- **EXERCISE GOAL**
Quote each line of the material verbatim, without the pictures.

- **RECORDED DATA**

____________

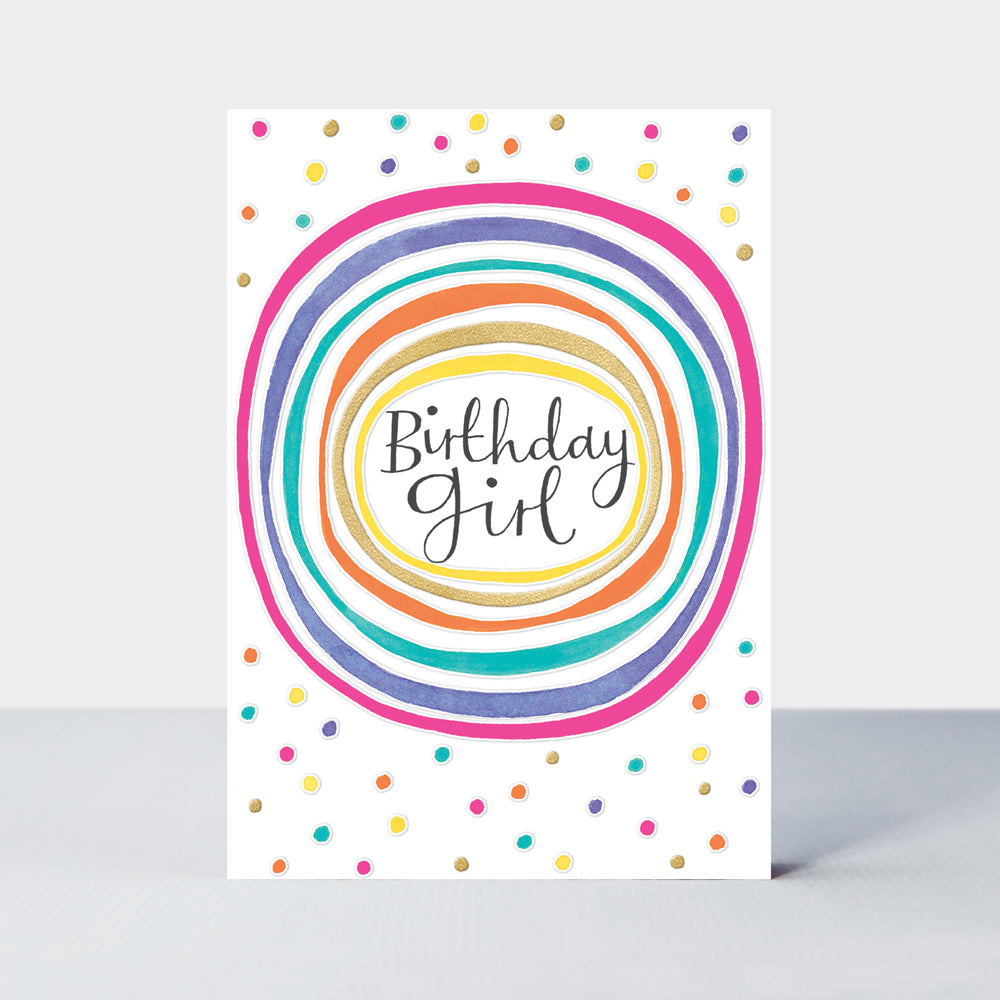 Aurora - Birthday Girl - Birthday Card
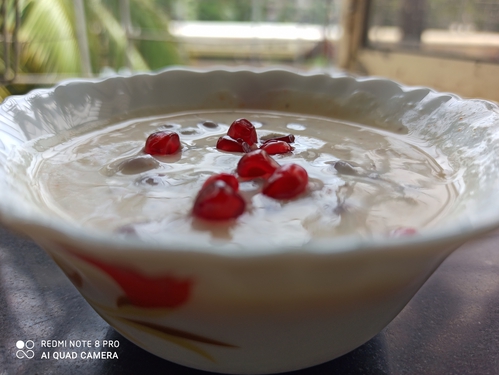 Pomegranate Raita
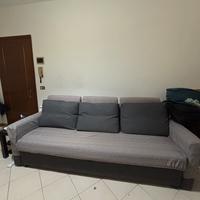 Divano letto contenitore 3 posti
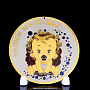 Медальон "Нашей малышке" Златоуст, фотография 1. Интернет-магазин ЛАВКА ПОДАРКОВ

____________

- **EXERCISE ANSWER**
 Aurora - Birthday Girl - Birthday Card
 Pomegranate Raita
 Divano letto contenitore 3 posti
 Медальон "Нашей малышке" Златоуст, фотография 1. Интернет-магазин ЛАВКА ПОДАРКОВ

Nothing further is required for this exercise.